L’ONU esorta a non boicottare i negoziati di pace per il Darfur in Libia
I colloqui per la soluzione della guerra in Darfur, convocati da Onu e Unione Africana
per sabato prossimo a Sirte, in Libia, potrebbero essere messi a rischio. Ben 6 fazioni,
sulle 15 che compongono il fronte dei ribelli, boicotteranno, infatti, l’incontro,
a cui partecipano anche i rappresentanti del governo di Khartoum. Il Consiglio di
Sicurezza delle Nazioni Unite ha chiesto ieri a tutte le parti coinvolte nel conflitto
di fermare le ostilità in occasione dei colloqui e di partecipare al dialogo di pace,
per non perdere un’importante opportunità di risolvere la lunga e drammatica crisi
del Darfur. Nella regione del Sudan occidentale la guerra civile ha provocato sinora,
secondo dati ufficiali, oltre 200 mila morti e 2 milioni e mezzo di profughi. Sulla
possibilità che i negoziati in Libia allentino le tensioni esistenti, Giancarlo
La Vella ha raccolto la testimonianza di padre Franco Moretti del periodico
dei missionari comboniani “Nigrizia”:
R. –
Io sono molto dubbioso circa l’esito positivo dei colloqui che si dovranno tenere
in Libia. Il Fronte di opposizione si è spaccato in tantissimi piccoli gruppi e, quindi,
quell’accordo di pace firmato un anno fa ad Abuja tra il governo di Khartoum e due
fazioni dei ribelli del Darfur ha perso il suo significato, proprio perché quelle
fazioni si sono moltiplicate e molti di questi gruppi non sono affatto d’accordo con
questa intesa. Inoltre, di certo Khartoum non vuole un risultato positivo dei colloqui.
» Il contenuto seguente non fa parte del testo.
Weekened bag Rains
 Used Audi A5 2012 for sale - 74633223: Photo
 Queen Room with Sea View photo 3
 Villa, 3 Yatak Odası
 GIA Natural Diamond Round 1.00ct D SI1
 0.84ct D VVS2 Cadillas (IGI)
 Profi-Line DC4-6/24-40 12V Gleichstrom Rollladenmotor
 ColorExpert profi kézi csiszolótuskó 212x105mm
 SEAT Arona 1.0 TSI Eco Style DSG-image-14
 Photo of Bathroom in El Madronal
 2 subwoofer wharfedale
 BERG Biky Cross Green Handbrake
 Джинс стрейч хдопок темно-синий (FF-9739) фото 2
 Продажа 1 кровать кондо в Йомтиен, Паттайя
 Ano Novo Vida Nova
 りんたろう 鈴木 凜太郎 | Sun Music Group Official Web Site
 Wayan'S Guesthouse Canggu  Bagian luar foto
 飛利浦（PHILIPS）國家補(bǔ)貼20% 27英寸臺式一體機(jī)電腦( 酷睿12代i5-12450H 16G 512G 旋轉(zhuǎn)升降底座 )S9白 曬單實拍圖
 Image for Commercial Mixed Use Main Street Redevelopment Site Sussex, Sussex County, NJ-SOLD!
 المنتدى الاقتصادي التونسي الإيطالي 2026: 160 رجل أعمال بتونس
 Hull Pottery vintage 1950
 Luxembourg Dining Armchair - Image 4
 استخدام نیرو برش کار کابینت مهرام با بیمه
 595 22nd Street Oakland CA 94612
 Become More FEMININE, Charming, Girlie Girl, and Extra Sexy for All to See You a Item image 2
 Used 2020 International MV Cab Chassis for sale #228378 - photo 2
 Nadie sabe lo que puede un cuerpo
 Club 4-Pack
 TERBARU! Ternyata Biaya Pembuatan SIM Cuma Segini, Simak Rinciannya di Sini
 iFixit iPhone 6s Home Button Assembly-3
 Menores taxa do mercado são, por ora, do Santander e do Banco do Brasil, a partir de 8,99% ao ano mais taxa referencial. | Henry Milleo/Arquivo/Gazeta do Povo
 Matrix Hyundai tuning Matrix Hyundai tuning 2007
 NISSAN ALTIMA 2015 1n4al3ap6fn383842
E’ vero che il governo sudanese ha accettato l’invio della forza mista di pace di
26 mila uomini guidata da Unione Africana e Onu, ma queste truppe cominceranno ad
essere dispiegate solo dall’inizio dell’anno. Probabilmente ci vorranno due o tre
mesi per trasferire le prime migliaia di militari, impegnati a mantenere la non belligerenza
in Darfur, figuriamoci quanto ci vorrà per collocare tutto il contingente! Occorreranno
mesi e mesi e forse la forza non verrà mai completata. C’è la sensazione che Khartoum
abbia intenzione di tenere accesa l’attenzione internazionale sul Darfur, perché intanto
sta portando avanti una politica perversa nel sud, altra zona di grave crisi, e sta
mandando a monte l’accordo di pace firmato nel gennaio del 2005 con le fazioni del
sud Sudan. In ogni caso, non vuole che i governi occidentali si occupino del Sud Sudan
e, quindi, sta cercando di mantenere tutta l’attenzione dell’opinione pubblica internazionale
sul Darfur. Ecco perché non credo che ci saranno risultati positivi dai colloqui di
pace di Sirte.
D. – Al di là dell’aspetto politico,
senz’altro importanti, i colloqui in Libia sarebbero decisivi anche per cominciare
a pensare al varo di misure umanitarie, urgentissime per la martoriata popolazione
del Darfur?
R. – Certo, due anni fa c’erano oltre
10 mila operatori volontari; oggi, invece, gli interventi umanitari sono quasi totalmente
bloccati e non si riesce più a lavorare sul terreno. La situazione nel 2005 era sotto
controllo, mentre oggi non lo è più. C’è un’insicurezza totale, c’è mancanza di cibo.
Non vedo, però, chi potrebbe riuscire a convincere il governo di Khartoum. E poi vorrei
far notare anche come ultimamente sia cambiato l’atteggiamento sulla questione sia
di Washington che di Londra. Parlando del Darfur, hanno incominciato ad usare espressioni
come: “i ribelli del Darfur”. Fino a poco tempo fa, invece, parlavano di “combattenti
per la libertà”: è come se dimenticassero che l'attuale governo di Khartoum è salito
al potere con un colpo di Stato. Nessuno ha mai eletto il presidente El Bashir. E’
evidente che da parte occidentale non si possa fare a meno di avere buoni rapporti
con Khartoum, per via del petrolio. E’ ovvio che ci vuole un intervento esterno, perché
la situazione è veramente drammatica. I mezzi di comunicazione internazionale continuano
a parlare di 250 mila morti, ma questo era vero due anni fa. Oggi altre fonti riferiscono
di 450 mila morti. Siamo già a metà del bilancio fatto registrare dal genocidio rwandese.
Ma se il mondo vuole intervenire per risolvere la crisi in Darfur, deve fare qualunque
cosa, affinché il governo di Khartoum cominci ad accettare realmente un incontro perché
finisca la drammatica situazione della regione.